The stranger spat neatly. “A pain in my arse and my pocket.”
“The children?”
“The same.” But it was said with love and gave me a jolt—I realized I envied this toothless sailor; he was married with children whom he loved, just like my tutor. I had a moment of misgiving—I was about to put him in danger.
“And how about you? You still teaching? Taught the dogaressa anything in the sack yet? Christ, she’s a tasty piece—makes my prick pain me.”
Now I chuckled, and the seaman looked beneath my hood and noticed my mask for the first time. Fell to his knees.
“Jesus shat! The dogaressa!” His tan face blanched. “My lady, forgive me,” he babbled. “I knew not . . . that is, I meant nothing—”
“Get up, you old pisspot,” exclaimed Signor Cristoforo, “before the whole place sees you. This is not the dogaressa, but her daughter. Signorina Luciana Mocenigo, meet Bonaccorso Nivola, the best sailor on these shores or any other.”
I gave the man my hand, as it seemed the right thing to do, and he kissed it, like a man who had just been hit round the head with a frittata pan. Signor Cristoforo drew our little trio behind a stack of pine planks twice as tall as we. The sweet sap filled my nostrils.

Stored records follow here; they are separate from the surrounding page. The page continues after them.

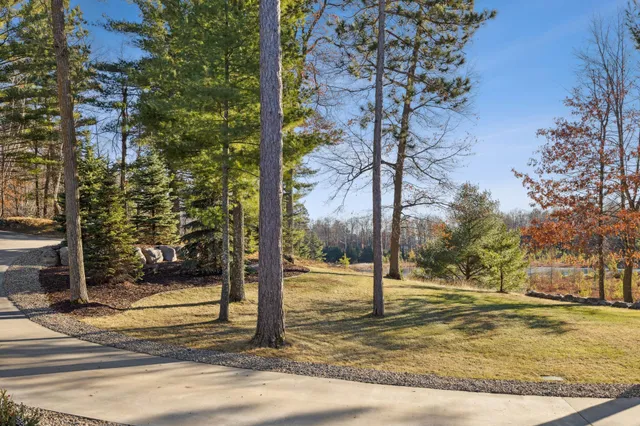 $2,500,000 | 13176 Albinson Road, Crosslake, MN 56442
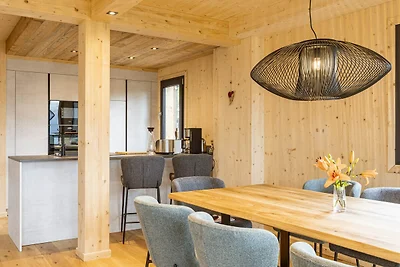 Superior Chalet # 27 with Sauna & Hot Tub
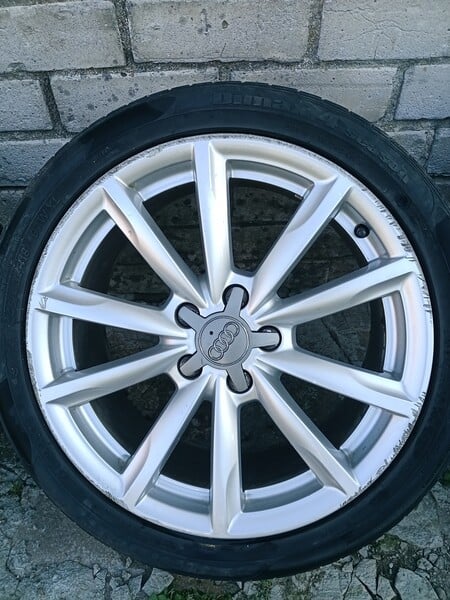 Photo 4 - Light alloy R18 rims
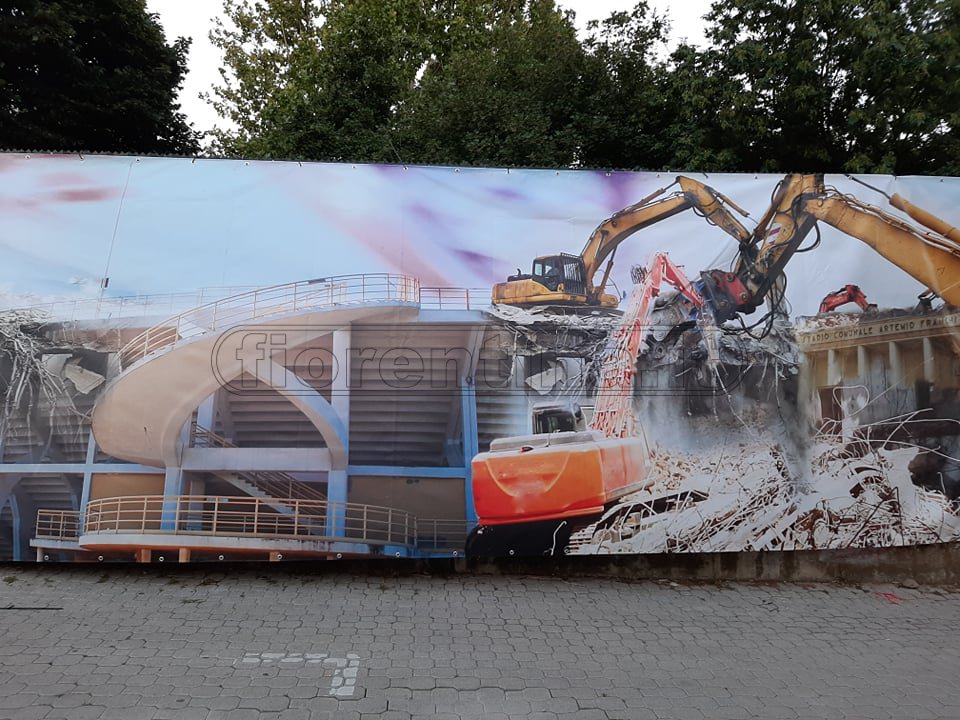 Le ruspe abbattono il Franchi. Ma è solo uno striscione (FOTO VI.IT)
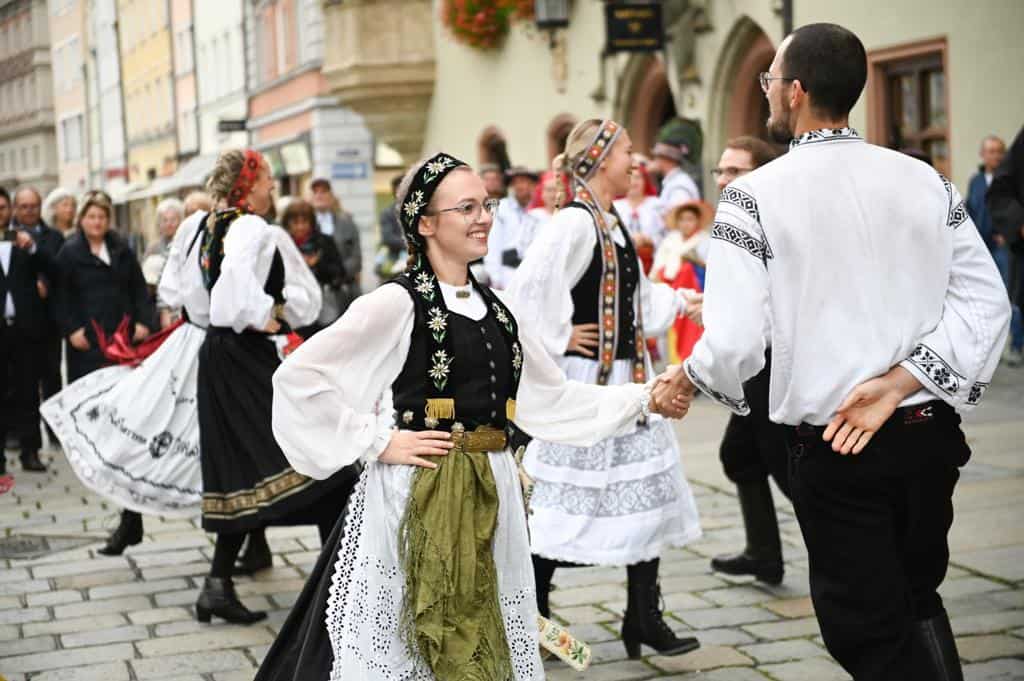 foto: sibiul și orașul landshut din germania sărbătoresc douăzeci de ani de la semnarea acordului de înfrățire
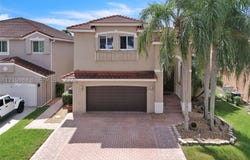 15612 SW 16th Ct, Pembroke Pines, FL 33027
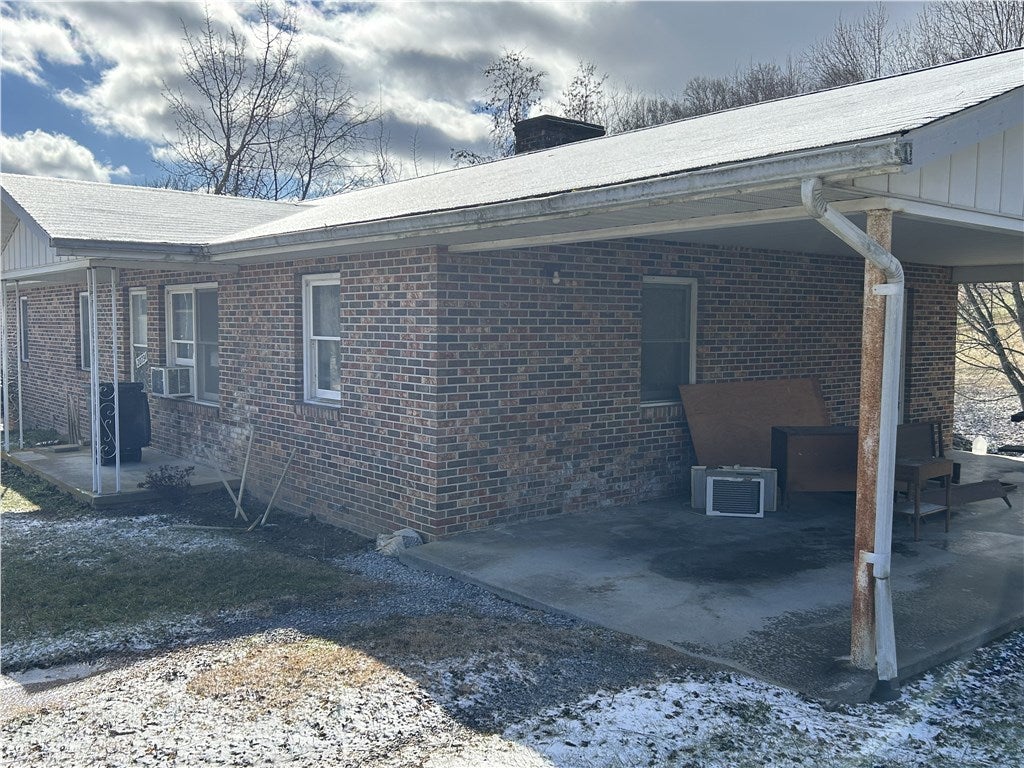 20734 Campground Road Bristol, VA 24202 - Photo 3 of 9 Gallery Image 3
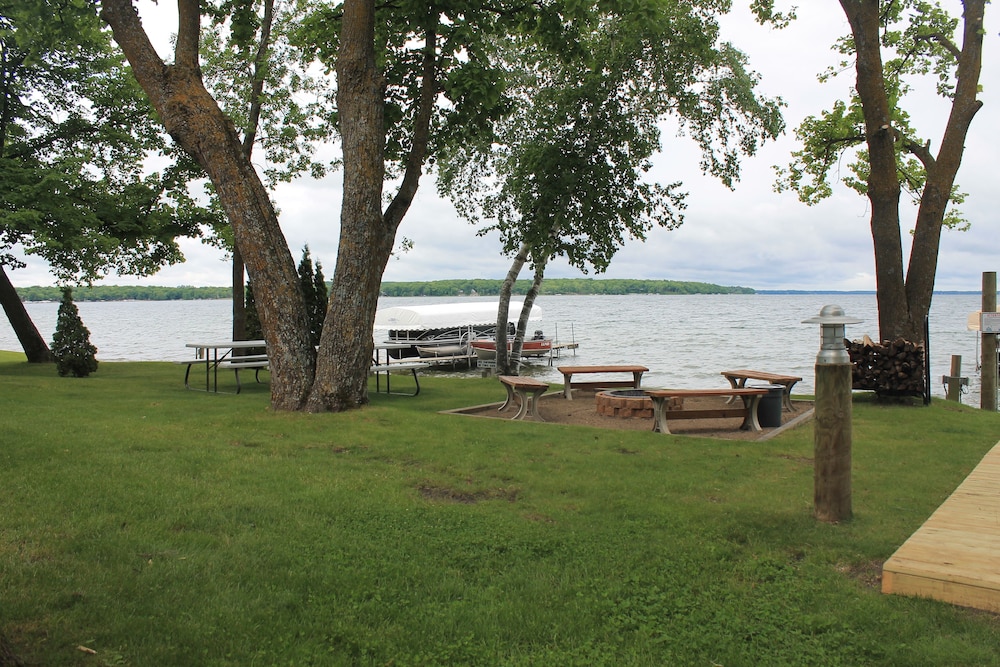 Viking Bay Resort & Lodge - photo 34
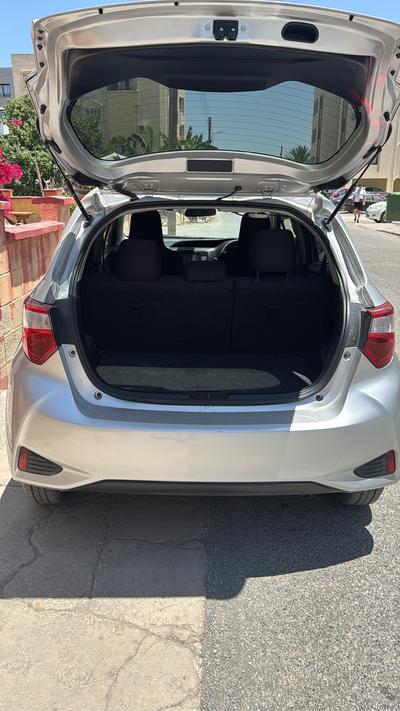 Toyota Vitz — 4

“She’s minded to go on a trip and wants you to take her.”
“A trip.”
“Yes. You still running the rope boats to Mestre?”
“Of course. Only way I can pay for all the bambini my Lisa-betta pops out. ‘Nother one on the way.”

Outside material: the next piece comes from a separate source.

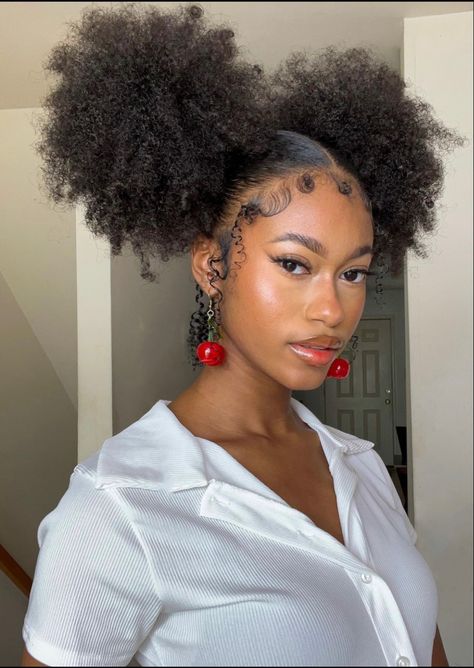 Brown Lipliner, Afro Puff Hairstyles, Puffy Hair, Cherry Girl, Hair Puff, Quick Natural Hair Styles, Hair Inspiration Short, Lip Combo, Cute Box Braids Hairstyles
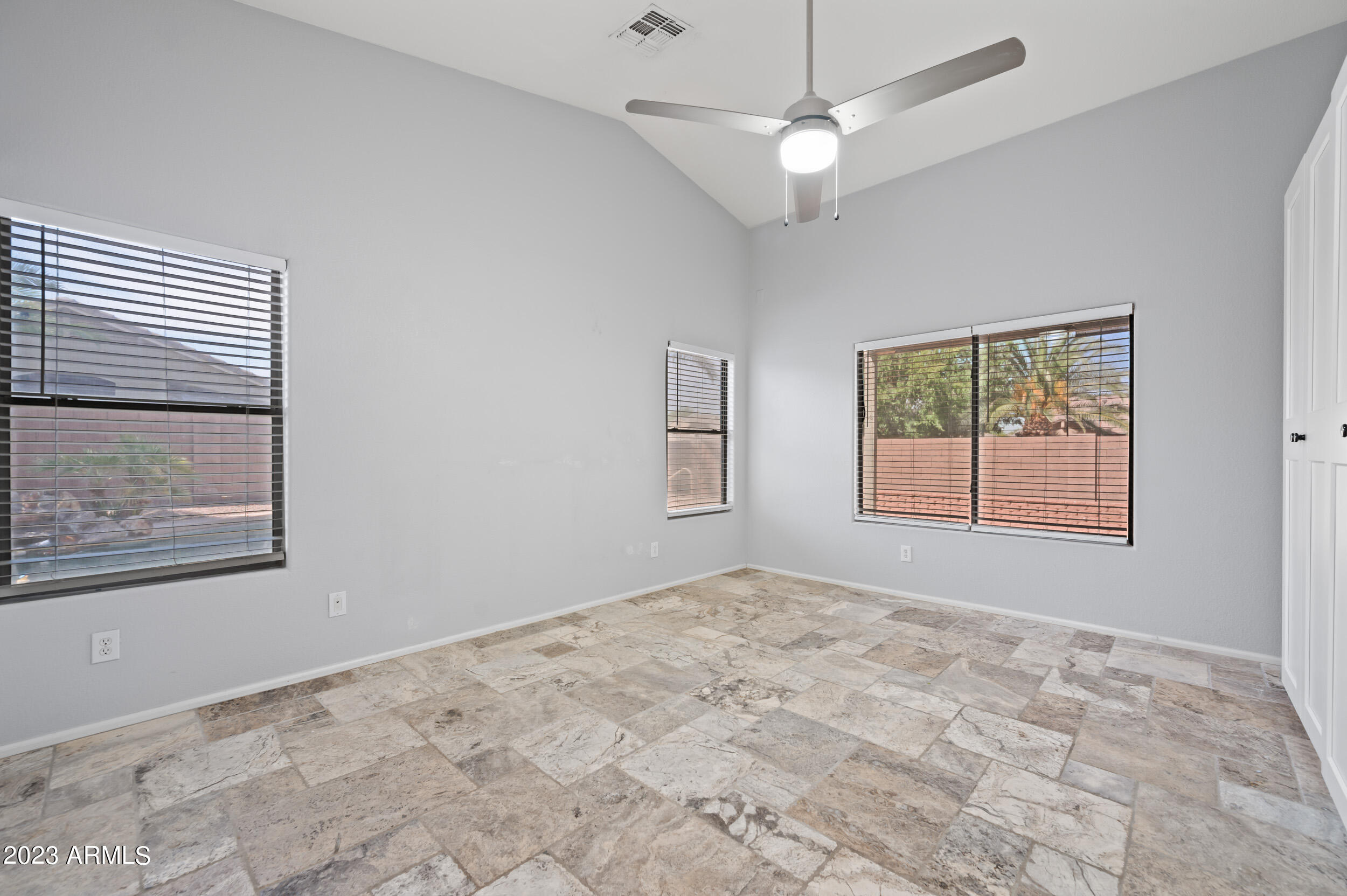 42561 W DESERT FAIRWAYS Drive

“All right then. One trip. And you can feed them for a year.”
“Gold?”
“Gold.”
“How much?”
“Fifty ducats.”
The seaman gave a toothless whistle, and I swallowed. Fifty ducats was a fortune! Where the hell was I supposed to get that money? Signor Cristoforo must be mad! Then, in a horrid instant, I knew; but the thought bathed me in a sweat of terror. My mother had a coffer of gold ducats in her chamber—I had seen it only this morning as I had searched for her masks. Madonna. Then I straightened up. Only one thing could make me go back in that room, and that was Brother Guido. I’d do it if I must. The sailors continued their bargaining, as if I wasn’t there.
“When?”
“Tomorrow night. First night of Carnevale.”
Bonaccorso Nivola considered, then jerked his head in my direction. “Her mum know she’s going?”
A tiny pause from Signor Cristoforo. “No. It’s a matter of the heart.”
This was true enough—I’d laid all before my tutor and he knew that I fled for love.
Bonaccorso caught on quick. “One way then?”
“Yes.”
The sailor was silent.
“It’s risky, I won’t lie to you,” admitted my tutor. “But then you can retire.”
Bonaccorso sucked in his gums, the air whistling through his lack of teeth.
“What the hell,” he said, then addressed me directly for the first time. “Be on the San Zaccharia pier at midnight tomorrow. Bring the gold in a lace kerchief. I’ll be on the rope barge. I’ll stop for a moment, no more. You ask me if I’ve ever been to Burano to see the lacemakers. Got it?”
I nodded, mute with terror and triumph.
“Till tomorrow then.” And he was gone into the crowd as quickly as he had come. I felt faint and elated at once. It was done. I was committed. Tomorrow, I would be gone.
My tutor and I hurried back to the palace as fast as we could and parted at the staircase without a word. Both too frightened and agitated to give note to the fact this would be our last meeting. I knew I would not see him again, and I could not speak lest I give myself away, but I hoped that as I hurried away he might know that I would not forget him, and that he knew how much I owed Signor Cristoforo of Genoa.